Jennifer Payne offered a written testimony to the committee to explain how a RDAC could help those in the rare disease community in the future:
Dear Chair Griffith and Members of the Senate Finance Committee,
My name is Jennifer Payne, and I am a constituent of District 12. As an ambassador for the greater Maryland rare disease community, I thank you for the opportunity to submit my testimony in support of SB 188. Not only it is a critical imperative for Maryland leadership to engage – as partners with rare disease patients, for shaping policy development relevant to the unmet needs and concerns on equitable, quality, and affordable access to specialty treatment, but it is a moral imperative to identify and eliminate the inappropriate and discriminatory barriers preventing individuals diagnosed in the State of Maryland from obtaining the continuity and quality of care across all stages of life.
Every baby born in the United States is screened for the early identification of phenylketonuria (PKU) to prevent severe disability. Hence, this is my story, being among the first diagnosed with PKU (1973) in the early days of Maryland’s newborn screening program. And, 50 years later (as 2023 marks my milestone birthday), I can tell you I have been a lifelong, proactive champion on medical nutrition equity for inclusion on the whole health equation – to the level of the courts.

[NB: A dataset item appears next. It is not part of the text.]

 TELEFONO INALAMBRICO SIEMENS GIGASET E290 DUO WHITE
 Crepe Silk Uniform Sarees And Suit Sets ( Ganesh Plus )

My whole health, mentally, physically, and spiritually has been sacrificed at the expense of having (and continuously fighting) single handedly – over the last seven years and ongoing – for ending discriminatory provision of health care services by insurers using PKU – and my age – as arbitrary and exclusionary criteria prohibiting access and coverage on the treatment I need to survive and thrive – even into adulthood.

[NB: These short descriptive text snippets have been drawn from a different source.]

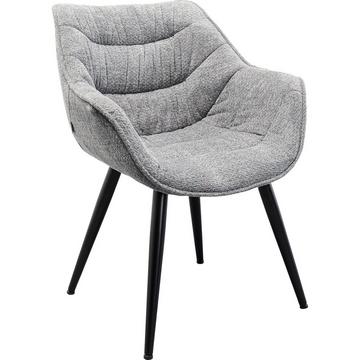 Chaise avec accoudoirs Thelma Melange gris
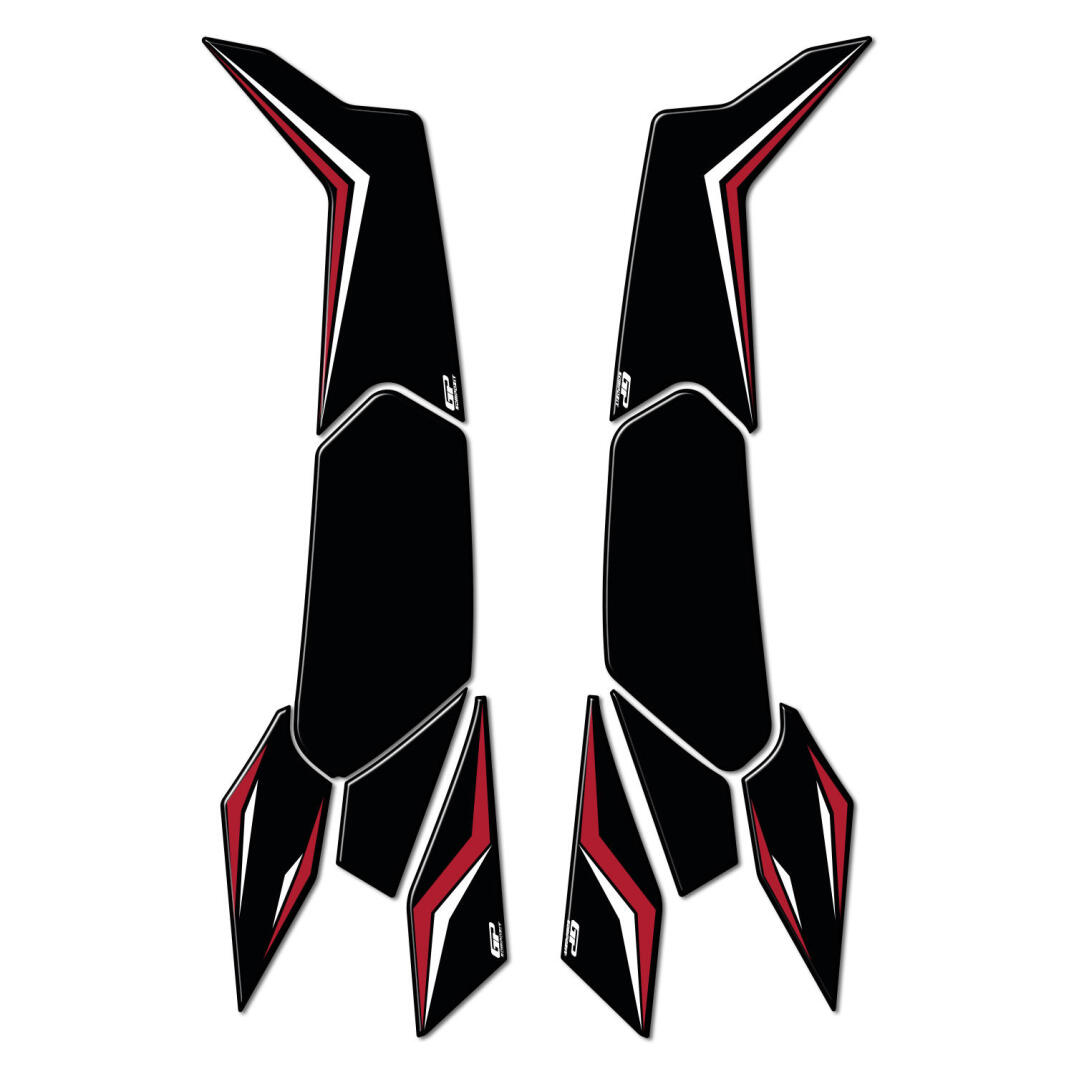 GP Kompozit Honda PCX 125 / 150 2025-2026 Uyumlu Yan Alt Ayak Pad Kırmızı - 1
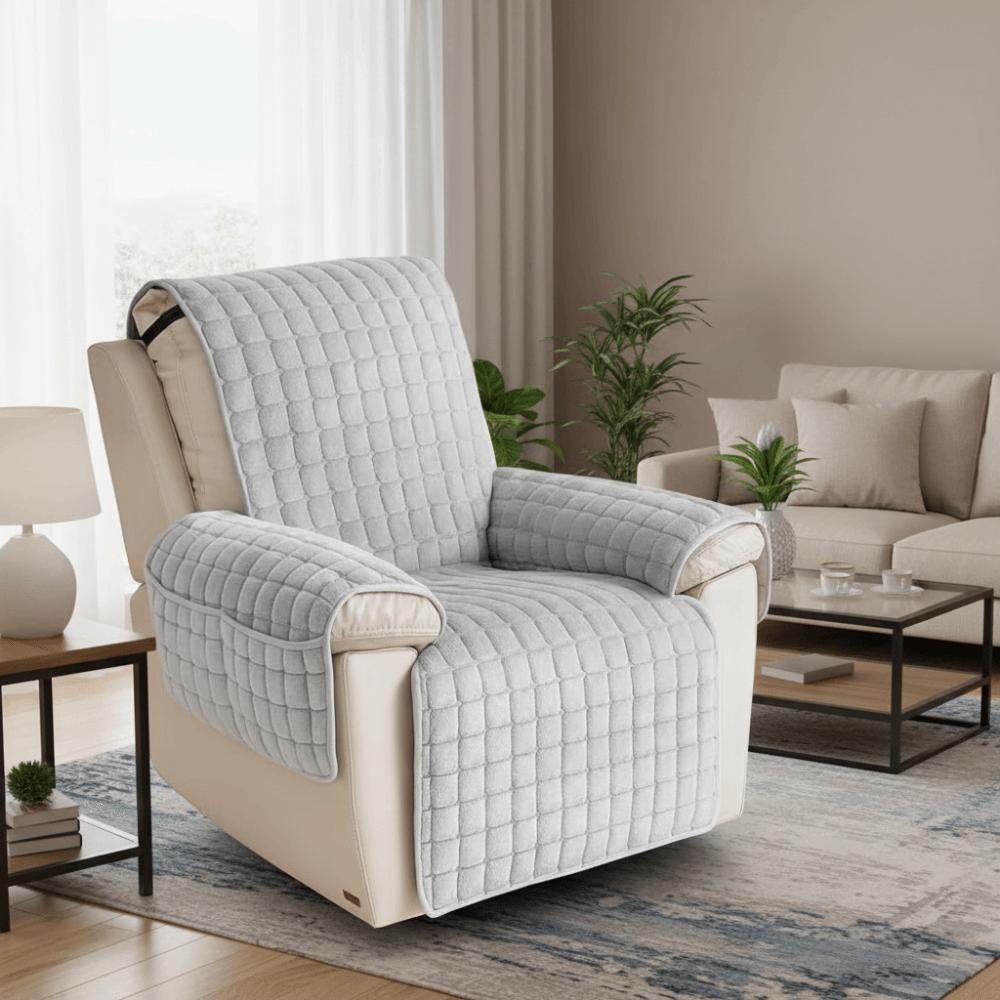 Wear Resistant Single-seat Slipcover Non-Slip Sofa Mat Durable Chair Cover Living Room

My PKU story of prevention has become a story of social injustice and discrimination. I am not alone. Many in the rare disease community share such common struggles and obstacles that are often 100% preventable and socially unjustifiable, and result in unnecessary suffering and disease progression. I wholeheartedly welcome support for the establishment of a RDAC to serve as a health advocate for all Marylanders, like myself, in need of representation and a special conduit to amplify vulnerable voices in health matters that have direct, and more often than not, negative implications and risk.
Now is the time for us all to partner and be change ambassadors in this cultural shift that embraces diversity, equity, inclusion, and accessibility in the ways we live and the ways we care – for rare disease as part of the whole health equation. We must ensure the necessary improvements to Maryland’s life saving newborn screening program stay strong. We must educate, as I have done with University of Maryland medical students – the future doctors of America – to think out of the box and equip them, the greater public, and all stakeholders – with the requisite tools to recognize, diagnose, facilitate, and optimize treatment specific to rare diseases. We can establish a published list or compendia to allow for transparency, accessibility, and education in the process.
Knowledge is power, and patients are often the experts in their own rare diseases. Will you listen? We need novel reimbursement payment models that allow coverage for specialty treatment accordingly – and equitably – and with inclusion keeping pace with innovative technology platforms. Rare disease patients only ask for a fair shake of such readily available resources, not to be targets as demonstrated by my example.
The RDAC serves to empower rare disease patients as partners – from the point of the research bench (informing future studies), to diagnoses, to getting the treatment into the hands of those that need it most and at the right time – for life. Until there is a cure, for change ambassadors and partners with RDAC, the story, as with my PKU story, does not end at diagnosis.